I am in the market for a light duty truck. I would like to get one that I could also put a plow on for personal use. I am very interested in the Tacoma with the 2.7L engine.

Could I put a small plow on this truck so that I can plow my 500m driveway?

Thoughts?

Thanks

Jason


----------



## Clint S

Just go to a brands site and input your info. I am sure you can get one. I had one on an old s10


----------



## gsxwonger

i just put one on my 04 tacoma. 2.7. works good so far and i cleaned up a small parking lot. havnet needed to go in 4 lo yet. pushes good.


----------



## joleger

gsxwonger;973052 said:


> i just put one on my 04 tacoma. 2.7. works good so far and i cleaned up a small parking lot. havnet needed to go in 4 lo yet. pushes good.


Thanks GSX,

May I ask you what type of plow you have? Do you have the TRD off-road package?


----------



## gsxwonger

im running a fisher mm1 6' 9". no trd on mine. wish i had the locking diff but i havent needed it yet. just using a heavy ballist (about 600 - 700lb) my truck has a 3 inch suspension lift and 2 inch body lift on it.
i put an add-a-leaf in the back with billistien shocks.


----------



## gsxwonger

heres a link with some pics of it.

http://www.plowsite.com/showthread.php?t=94580


----------



## S-205

You would never even use diff lock when plowing because it only works in low gear and the first gear in high is low enough I would say. The 2.7 is kind soft to plow with but it would do the job. The 3.4 would be a little better if you could swing it. My opinion anyway.


----------



## mercer_me

gsxwonger;973152 said:


> heres a link with some pics of it.
> 
> http://www.plowsite.com/showthread.php?t=94580&page=3


How tall is your plow? How much does your plow weigh?


----------



## 98tacoma

*snowsport plow*

Had a snowsport plow on my 98 tacoma w/ the 4cyl engine, 5sp, pushed great and adds minimal weight to the truck. Have it now on my 02 4runner. Didn't have to do any mods (other than add a front receiver hitch), no ballast. Just put the plow on and go, really couldn't be any simpler. Here's some nice pics of the yota w/ the snowsport at work. Personally, I couldn't justify spending the price of a "real" plow for just doing your own drive. I'm in under $900 for mine.
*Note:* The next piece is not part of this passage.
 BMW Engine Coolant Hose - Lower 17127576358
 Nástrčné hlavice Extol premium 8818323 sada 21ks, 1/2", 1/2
http://www.plowsite.com/showthread.php?t=59806


----------



## Averysdad

Had a 6.9 LD on my 95.5 Tacoma 2.7L It handled the plow fine (get some ballast in the back and use low range). Never had problems pushing snow.


----------



## gsxwonger

mercer_me;983301 said:


> How tall is your plow? How much does your plow weigh?
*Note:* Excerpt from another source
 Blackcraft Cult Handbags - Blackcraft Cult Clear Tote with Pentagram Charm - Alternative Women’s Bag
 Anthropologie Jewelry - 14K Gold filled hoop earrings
its a fisher 6,9 ld its 24 inches i think tall and about 472 lbs. kinda heavy for the truck but it holds it well.


----------



## Snowzilla

A Western Suburbanite or Fisher Homesteader (same plow basically) is the probably the the lightest weight fully functional plow you can buy. I know a guy with one on an S10 blazer and it works great. I was thinking I've seen these as low as $2,800-2,900 if you look through sponsor links.


----------